It has already been over two months since the mega earthquake and tsunami hit Japan. The Fukushima Daiichi nuclear power plant problem is ongoing. The current plan/estimate is to stabilize the plant in six to nine months, and that is the best-case scenario. Meanwhile, in my city, Koriyama (population 336,232), hourly radiation fallouts have been decreasing and are averaging around 1.35 micro sieverts per hour lately. The city is monitoring the radiation levels in food, and water, as well as in outdoor spaces such as parks. As a precaution, nursery schools, kindergarten, and schools at the K-12 level have implemented restrictions in the use of schoolyards. There have been efforts to reduce the effect of radiation fallout at schools in my city by covering the contaminated topsoil with soil extracted from a lower stratigraphic level. The mayor initially experimented with removing the topsoil completely, but there have been problems in finding a location to dump the soil. In either case, there has been a reduction in the level of radiation detected on the ground after the treatment. Radiation and earthquakes have been an everyday topic of conversation for people here in Fukushima.
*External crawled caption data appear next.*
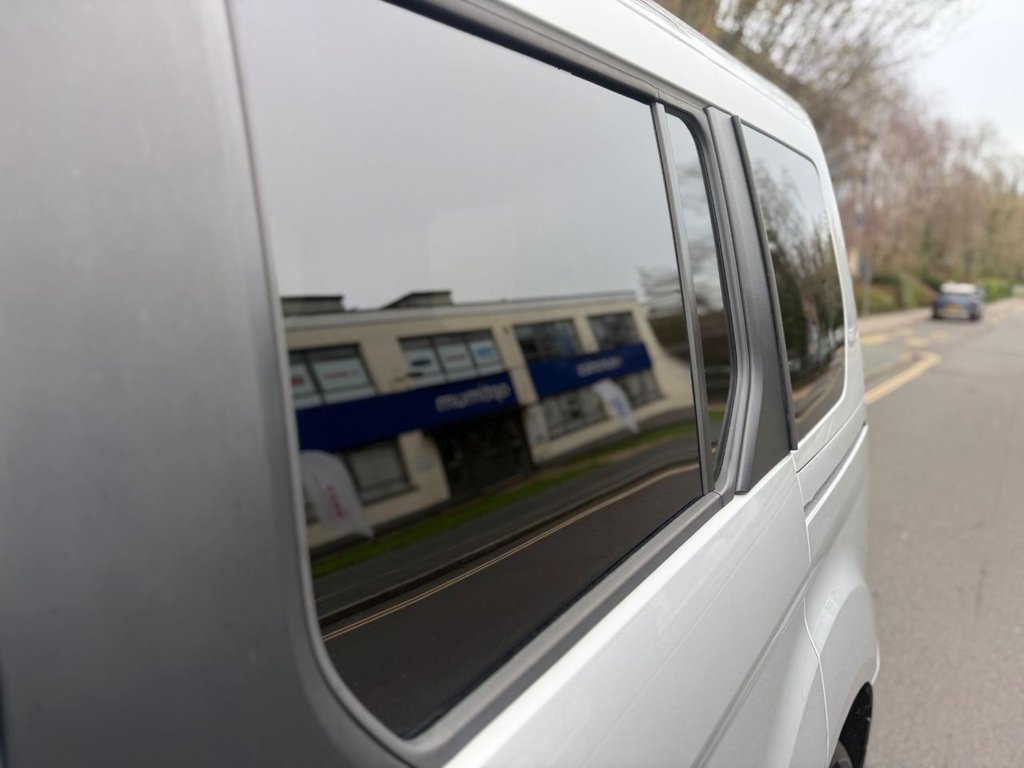 Used Ford Tourneo Connect 2017 for sale - 77885073: Photo 8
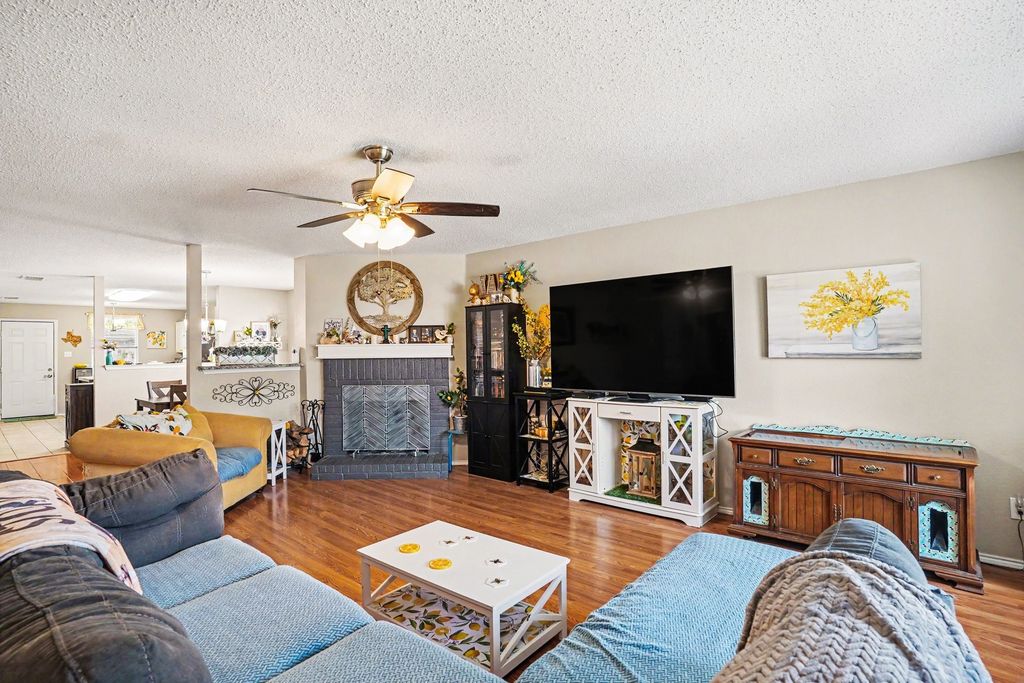 5441 Temecula Rd, Fort Worth, TX - View 2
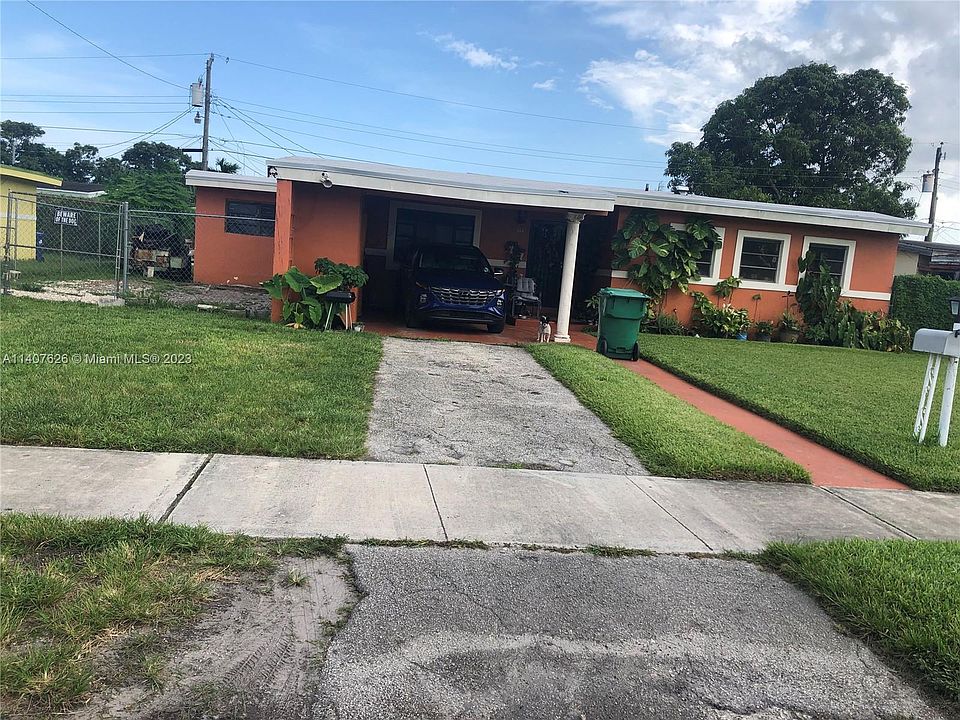 1st image of 822 NW 171st Ter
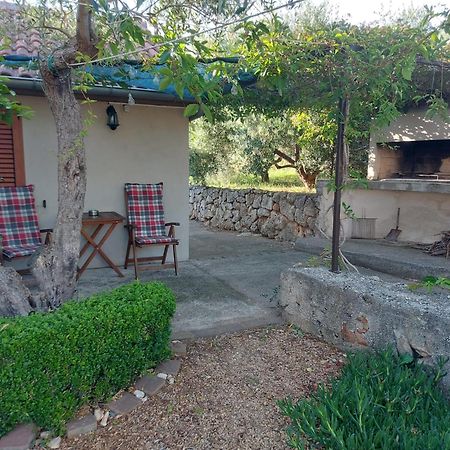 Apartmani Bugenvilija Brbinj Екстериор снимка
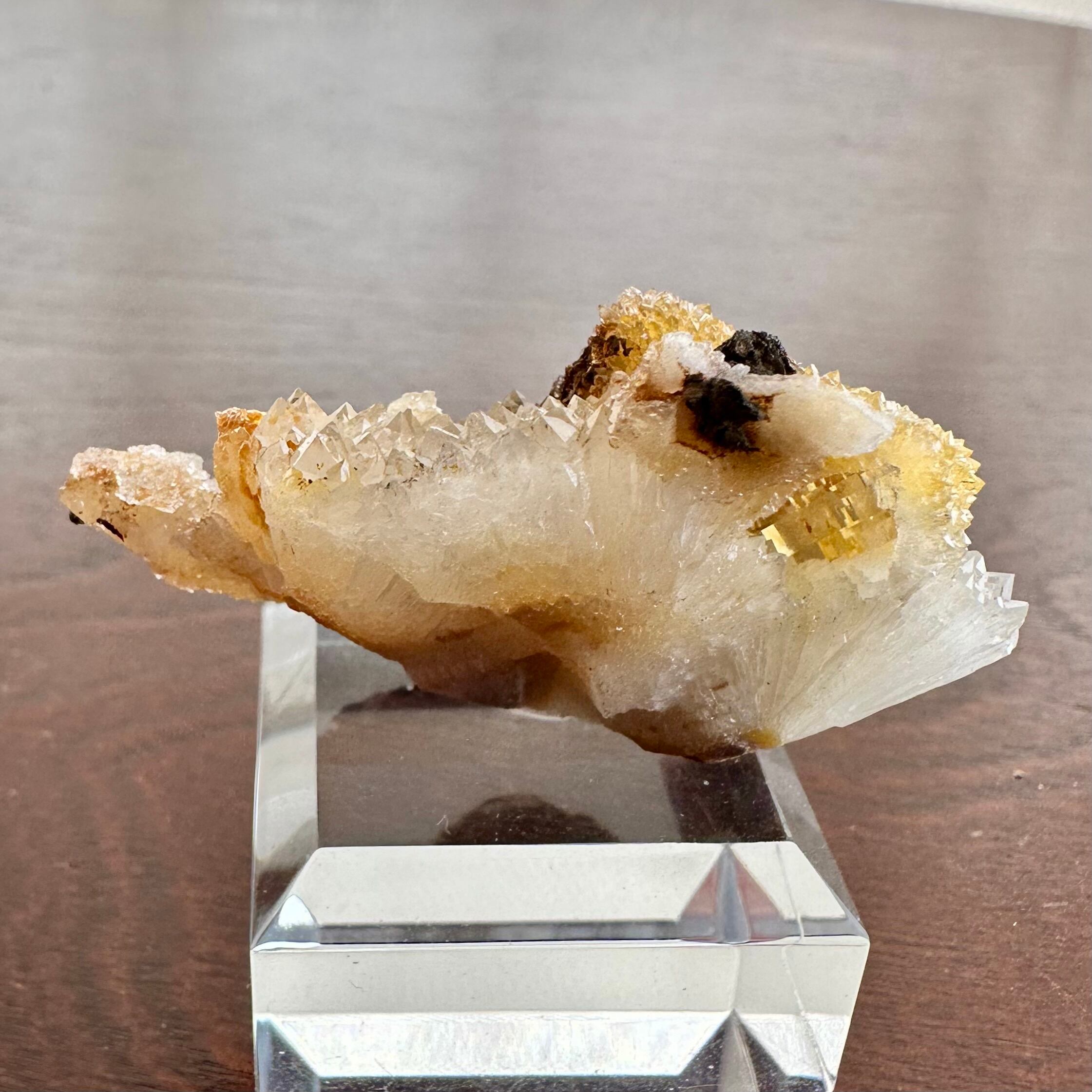 クォーツ（フローライト仮晶）【Quarter psm. Fluorite】フランス産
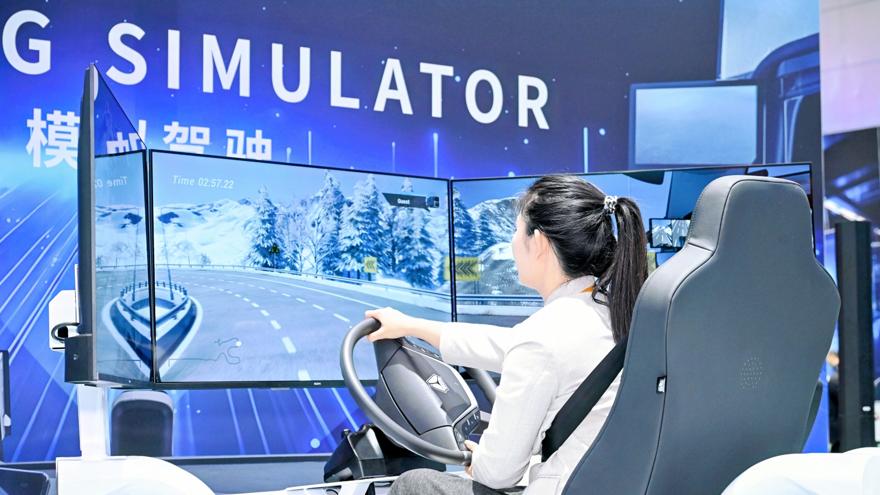 钢铁巨兽藏温情？中国重汽公众日邀您解锁卡车文化新体验！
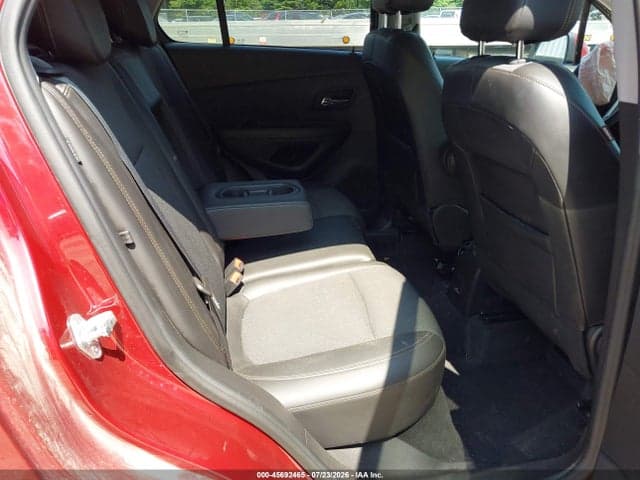 2022 CHEVROLET TRAX AWD LT 8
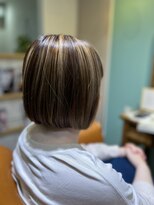 ルアナ(Luana)&nbsp;ブリーチハイライトボブ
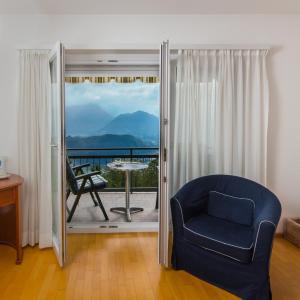 Double Room with Lake View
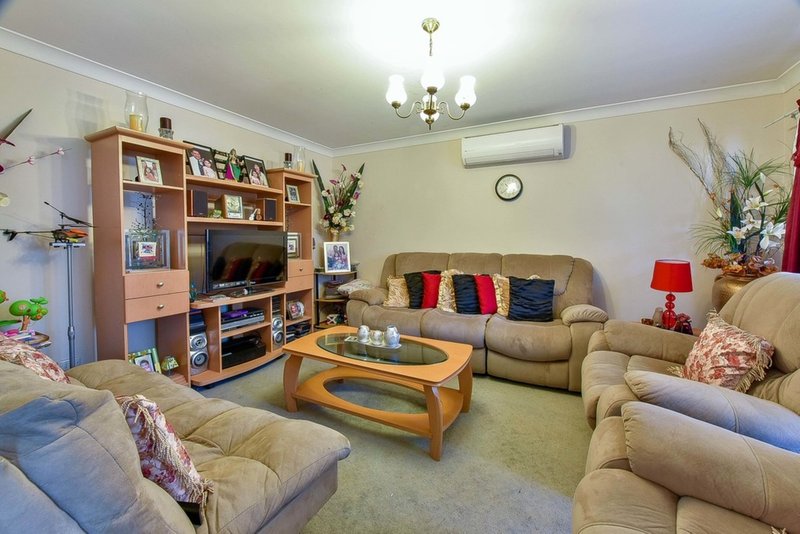 Photo - 1 Aseki Avenue, Glenfield NSW 2167 - Image 5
Since the earthquake on March 11, we have not yet had one aftershock-free day in my city, but, thankfully, the ones we are getting lately have been pretty small.
It has been interesting to observe a great variety of opinions regarding the situation in Fukushima and radiation risks on the internet, especially on Twitter. As a Fukushima resident, it is surreal to read people’s tweets and blogs that claim Fukushima–the entire Fukushima prefecture–is uninhabitable. Many people and some environmental organizations, like Friends of the Earth Japan suggest that government’s provisional standard for the safe level of radiation exposure for school children (under this emergency circumstance) is set unacceptably high (The Ministry of Education, Culture, Sports, Science and Technology has recently announced that it will reduce the acceptable annual radiation exposure for Fukushima children from provisional 20 mili sieverts to 1 mili sieverts. It is not clear right now what more will or can be done to meet the new goal). Meanwhile, life is going on as usual here in Koriyama. The current event has made me think a lot about scientific and social understandings of risks, and the classic environmental topic of costs and benefits.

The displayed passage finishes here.